To run a rephrasal experiment, you must create a rephrase folder consisting of:

└── judge_folder
    └── settings.json: a dictionary where keys are rephrasal model identifiers
        and the values are also dictionaries containing the "api",
        "model_name", and "parameters" to specify the LLM to use as a judge.
    └── template .txt: a txt file containing templates for the rephrasal prompts

Rephrase settings file

For instance, the settings.json file could look like this:

{
    "gemini-1.0-pro": {
        "api": "gemini",
        "model_name": "gemini-1.0-pro",
        "parameters": {"temperature": 0.5}
    },
    "gpt-4": {
        "api": "openai",
        "model_name": "gpt-4",
        "parameters": {"temperature": 0.5}
    }
}

These define the models that we would like to use for rephrasal. When creating rephrasal examples, we pass in a list of rephrasal model identifiers so we know which models we want to use for rephrasal.

Template files

For creating a rephrasal experiment, we must provide a prompt template(s) which will be used to generate the prompts for rephrasing an original input prompt. The template should contain a placeholder for the original prompt {INPUT_PROMPT}. Each line in the file is read as a particular template. For example, a template file could look like this:

Write a paraphrase for the following sentence. Only reply with the paraphrased prompt. Prompt:\n"{INPUT_PROMPT}"
Write a variation of this sentence (only reply with the variation): "{INPUT_PROMPT}"

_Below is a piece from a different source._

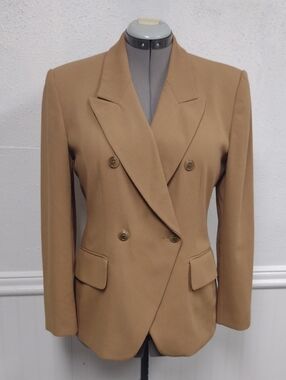 Jones Wear Double-Breasted Blazer in Camel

Using prompto for rephrasal

prompto allows you to run a rephrasal experiment when running an experiment (using prompto_run_experiment). You can run a rephrasal experiment (experiment to obtain rephrased prompts) and the rephrased experiment (the experiment using the rephrased prompts and optionally the original input prompts) in a single command by using:

prompto_run_experiment \
    --file path/to/experiment.jsonl \
    --data-folder data \
    --rephrase-folder rephrase \
    --rephrase-templates template.txt \
    --rephrase-model gemini-1.0-pro

This will: 1. run a rephrasal experiment using the prompts in experiment.jsonl experiment file using the “gemini-1.0-pro” model specified in the settings.json file in the rephrase folder - This experiment will generate rephrased prompts and outputs will be saved in a rephrase-experiment folder in the output folder (this is just the experiment name prefixed with rephrase-) 2. generate and run a new experiment file using the rephrased prompts and the original prompts in experiment.jsonl. The rephrased prompts are sent to the model specified in the experiment.jsonl file for the prompt it was rephrasing - The outputs will be saved in the output folder in post-rephrased-experiment folder (this is just the experiment name prefixed with post-rephrased-)

Note that you can also just run the rephrasal experiment (i.e. just run step 1 above) by using the --only-rephrase flag in the prompto_run_experiment command.

There is also a --remove-original flag which can be used to remove the original prompts from the new input file (and only have the rephrased prompts).